[PM|Nuance] Nuance Communications, führender Anbieter von Sprach- und Bildbearbeitungslösungen für Unternehmen und Privatkunden, präsentiert TALKS&ZOOMS 4.0, die neue Version der Software für barrierefreie Mobiltelefone. TALKS ist eine TTS-Software (Text-To-Speech-Software) und verwandelt den Displaytext auf Handys in gesprochene Sprache. ZOOMS dagegen vergrößert die Displayinhalte von Mobiltelefonen und ermöglicht Nutzern mit Sehbehinderungen die Menübedienung und die Nutzung aller Funktionen ihres Handys und die Texte auf dem Display besser zu lesen. Beide Anwendungen verwenden dieselben Tastaturbefehle und sorgen so für eine nahtlose Verbindung von TALKS&ZOOMS.
So ist TALKS&ZOOMS die ideale Software für Sehbehinderte und Blinde, um die vielen Funktionen ihres Handys voll auszuschöpfen: die Suche in den Kontaktlisten, das SMS-Lesen und -Schreiben sowie der Zugang zum Internet sind jetzt barrierefrei möglich. Neu in der Version 4.0 sind folgende Funktionen und Inhalte:
- SIM-Lizensierung: TALKS&ZOOMS 4.0 kann nicht nur für ein bestimmtes Mobilgerät lizenziert werden, sondern auch für eine GSM SIM-Karte. D.h. der Nutzer kann die Software auf verschiedenen Geräten nutzen, die mit dieser SIM-Karte funktionieren.
- DAISY2Go Audio Book Player: TALKS&ZOOMS 4.0 beinhaltet auch DAISY2Go (Digital Accessible Information System): der Nutzer kann Bücher und auch Audio-Bücher auf seinem Mobilgerät lesen.
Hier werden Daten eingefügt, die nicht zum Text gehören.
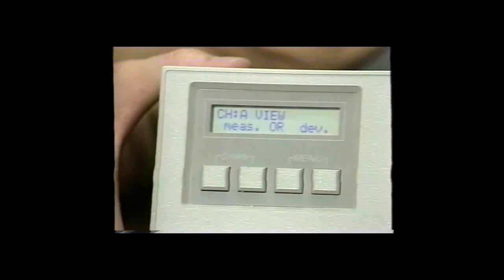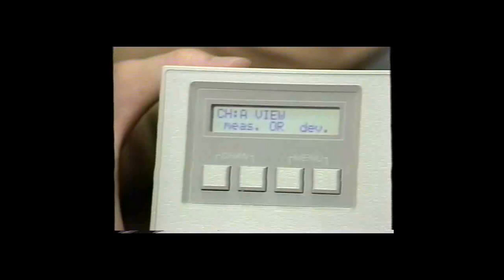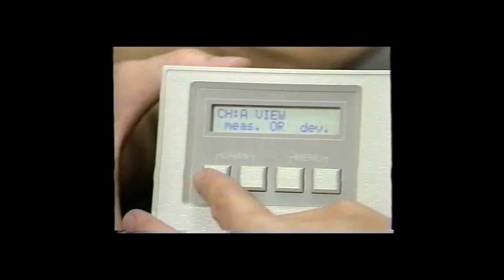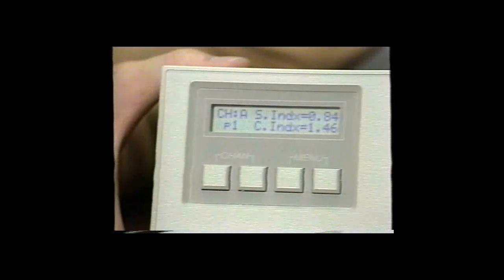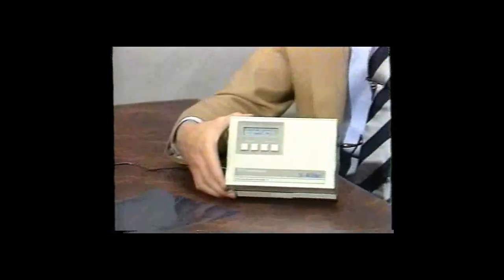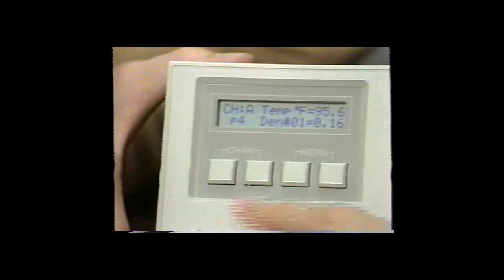Next, the densitometer gives you the option of how you would like to view the strip data. You can either view the measured values off the strip as calculated, or view the deviation from your previously entered reference values. To view the actual measurements, push the key directly under measure. Page 1 displays speed and contrast index. Page 2 displays base plus fog and D-max. Page 3 displays average gradient and gamma of the film. Page 4 shows the processor temperature as entered earlier, as well as the densities of the individual 21 steps.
Weitere Informationen hierzu unter www.daisy.org
- Quickword-Unterstützung: Quickword ermöglicht dem Nutzer SMS, E-Mails und deren Anhänge auf dem Handy schneller und leichter zu finden, vorzulesen und zu editieren.
TALKS&ZOOMS 4.0 ist in 20 Sprachen verfügbar. Weitere Informationen finden Sie hier: www.nuance.com/talks.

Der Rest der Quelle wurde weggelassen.